In [18]:
import os
import warnings
import numpy as np
import torch
import torch.nn as nn
import torchaudio
from pathlib import Path
from torch.utils.data import Dataset, DataLoader

# from constants import *

In [5]:
# allows the output of plotting commands to be displayed directly within the notebook
%matplotlib inline

# ignore depracation warnings
warnings.filterwarnings(action='ignore', category=DeprecationWarning)

In [6]:
# set the seed for random number generation in NumPy
# Setting the seed ensures that the sequence of random 
# numbers generated will be the same every time the code is run.
np.random.seed(999)

# set the seed for random number generation in PyTorch
torch.manual_seed(999)

# If running on Cuda set these 2 for determinism
torch.backends.cudnn.deterministic = True
torch.backends.cudnn.benchmark = False

In [7]:
# Check GPU is available
GPU_AVAILABLE=torch.cuda.is_available()

if(GPU_AVAILABLE):
    print('Training on GPU.')
else:
    print('No GPU available, training on CPU.')
       
DEVICE = torch.device('cuda' if GPU_AVAILABLE else 'cpu')

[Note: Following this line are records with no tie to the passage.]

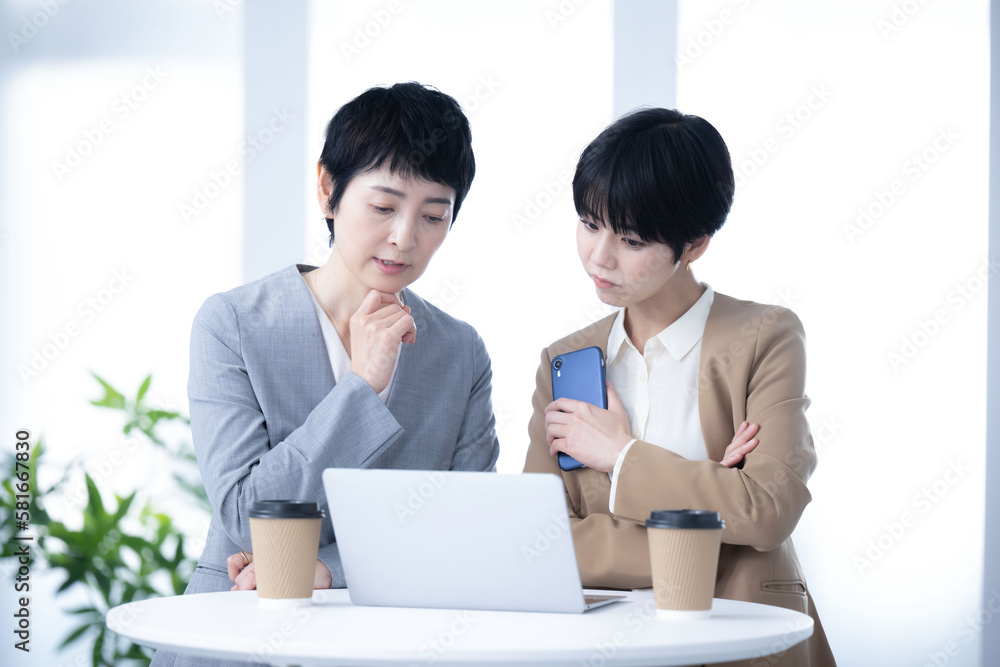 Business situations where women's business teams have trouble thinking about computers. Business situations where women's business teams have trouble thinking about computers.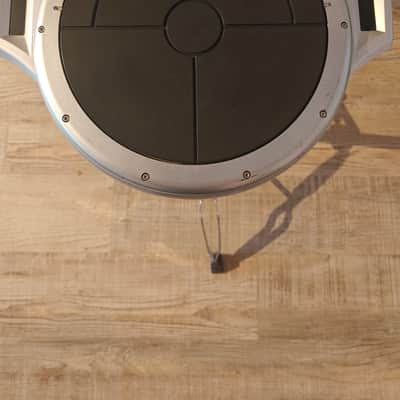 Roland HPD-15 HandSonic Digital Hand Percussion Controller with stand image 3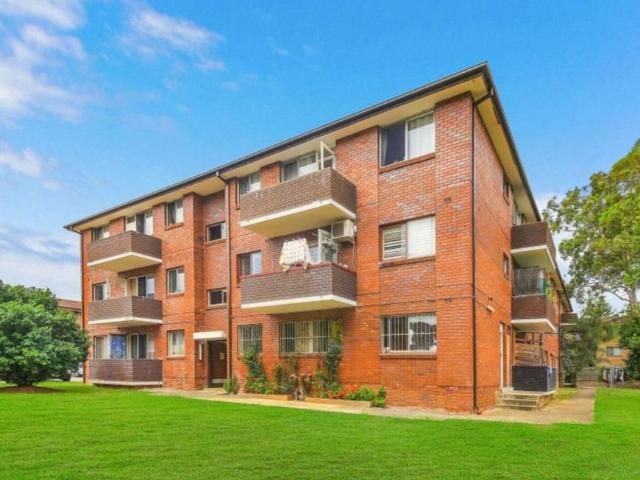 Apartment for rent in Carramar, New South Wales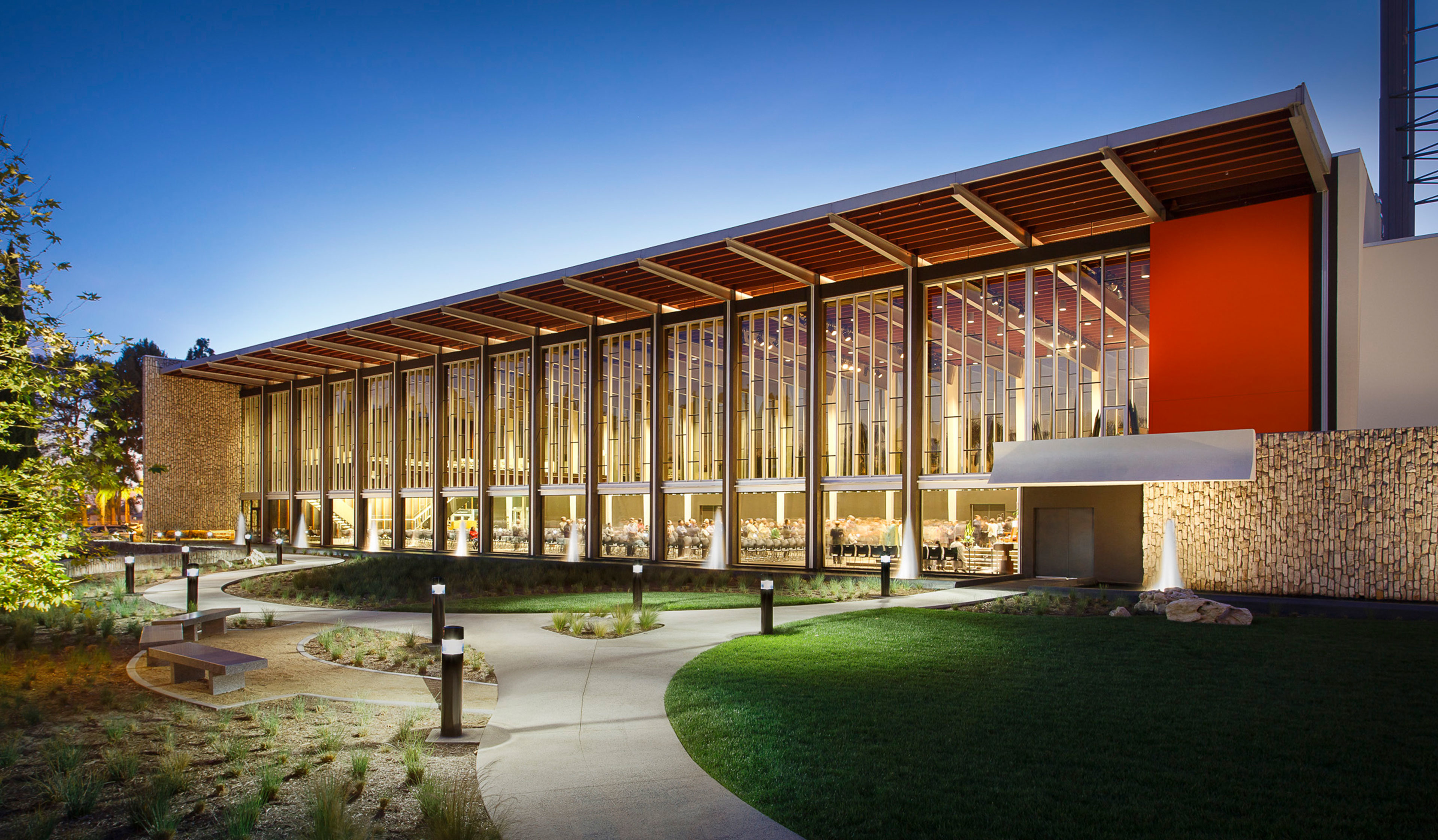 Christ Cathedral Arboretum2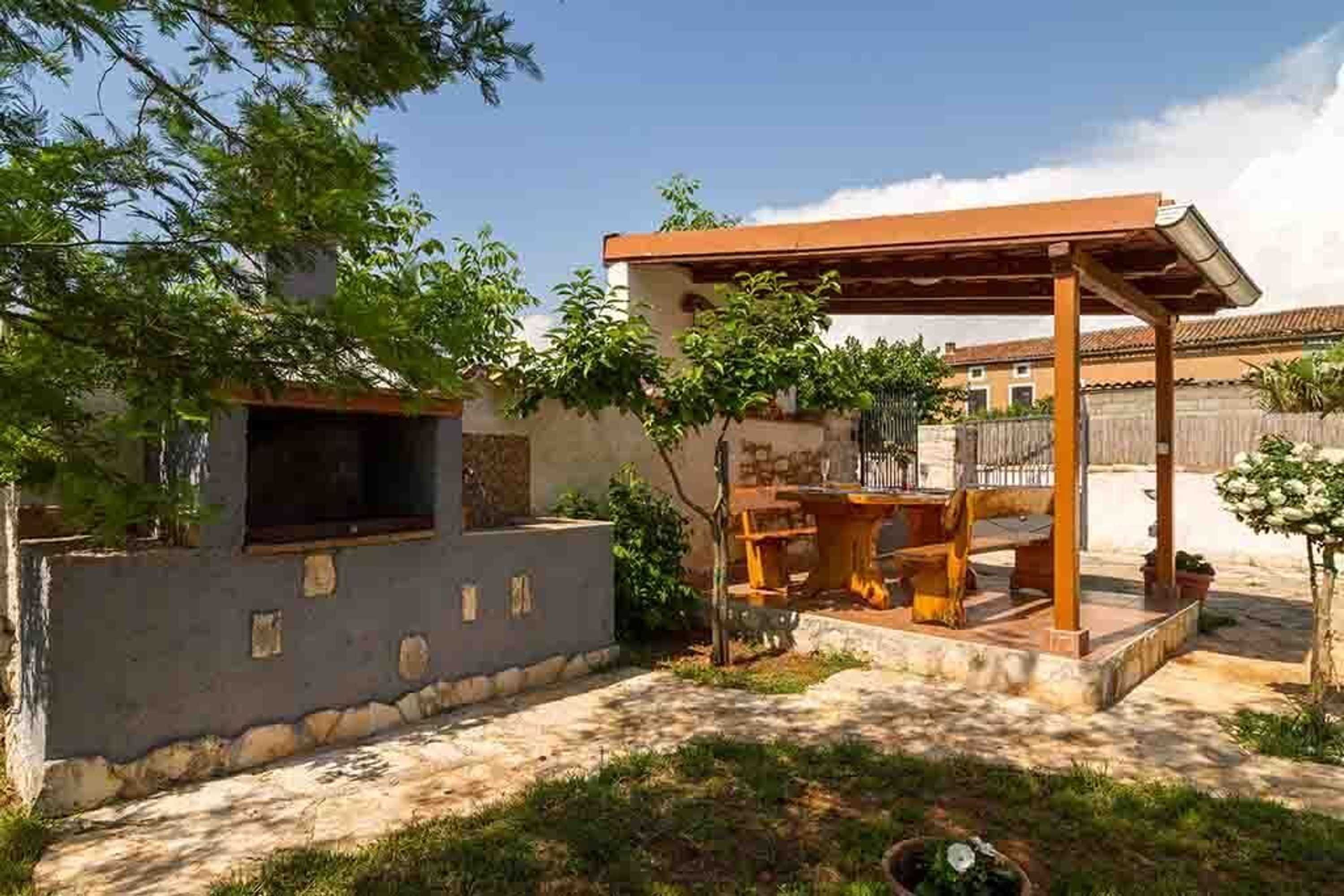 Gift card for Holiday House Emily With a Pool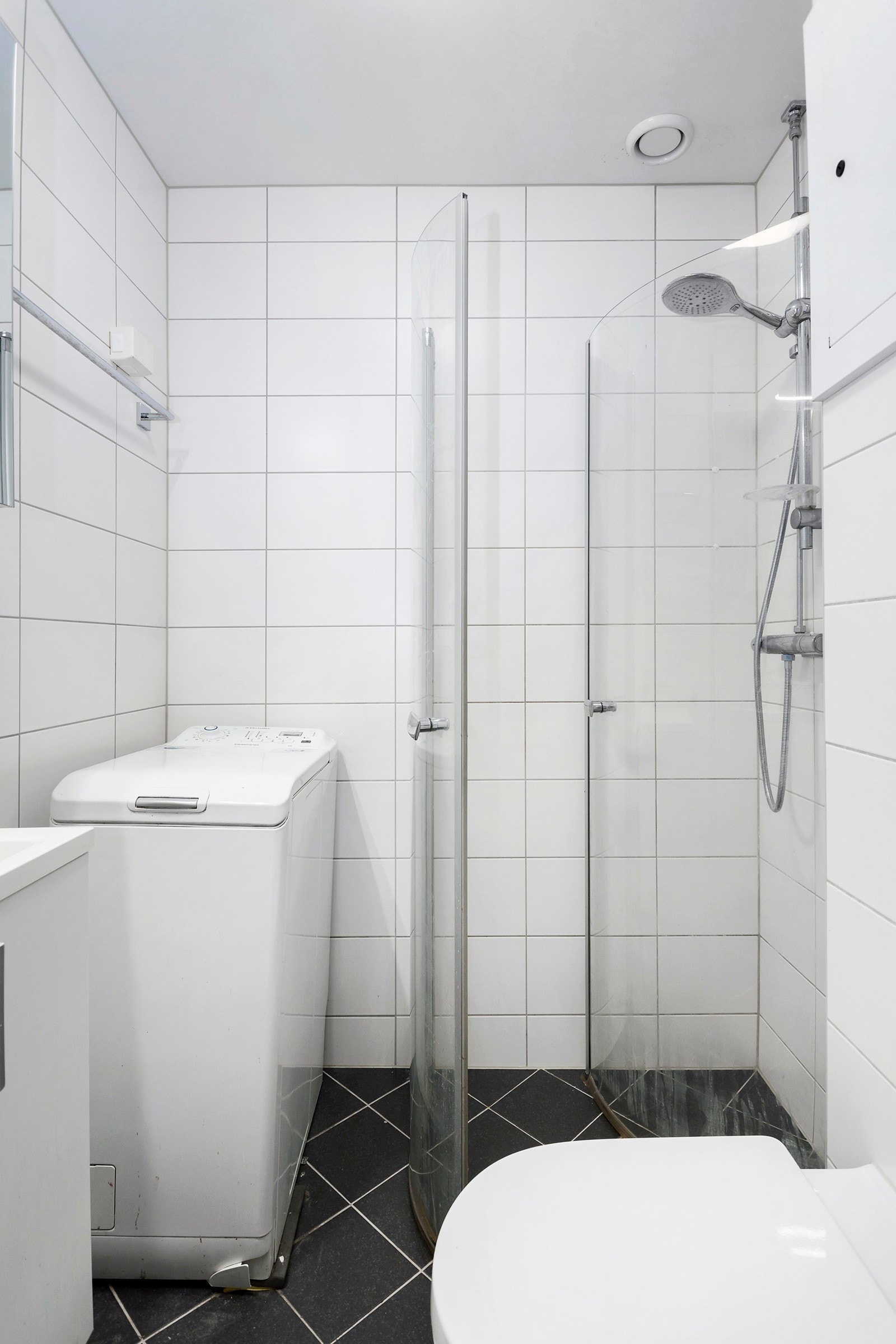 Flislagt baderom renovert i regi av sameiet i 2014. Galleribilde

No GPU available, training on CPU.


In [8]:
!nvidia-smi

zsh:1: command not found: nvidia-smi


In [13]:
SAMPLE_RATE = 48000
N_FFT = (SAMPLE_RATE * 64) // 1000          # 3072
HOP_LENGTH = (SAMPLE_RATE * 16) // 1000     # 768

In [17]:
TRAIN_INPUT_DIR = Path('datasets/class_9_train_input')
TRAIN_TARGET_DIR = Path('datasets/clean_trainset_28spk_wav')
TEST_INPUT_DIR = Path('datasets/class_9_test_input')
TEST_TARGET_DIR = Path('datasets/clean_testset_wav')

In [16]:
class SpeechDataset(Dataset):
    """
    A dataset class with audio that cuts them/paddes them to a specified length, applies a STFT,
    normalizes and leads to a tensor.
    """
    def __init__(self, clean_files, noisy_files, n_fft=64, hop_length=16):
        super().__init__()
        self.clean_files = sorted(clean_files)
        self.noisy_files = sorted(noisy_files)
        self.n_fft = n_fft
        self.hop_length = hop_length
        self.max_len = 165000

    def __len__(self):
        return len(self.noisy_files)
    
    def __getitem__(self, index):
        # load waf files to waveform tensors
        x_clean = self.load_sample(self.clean_files[index])
        x_noisy = self.load_sample(self.noisy_files[index])

        # apply padding and cutting
        x_clean = self._prepare_sample(x_clean)
        x_noisy = self._prepare_sample(x_noisy)

        # apply STFT
        x_clean_stft = torch.stft(input=x_clean, n_fft=self.n_fft, hop_length=self.hop_length, normalized=True)
        x_noisy_stft = torch.stft(input=x_noisy, n_fft=self.n_fft, hop_length=self.hop_length, normalized=True)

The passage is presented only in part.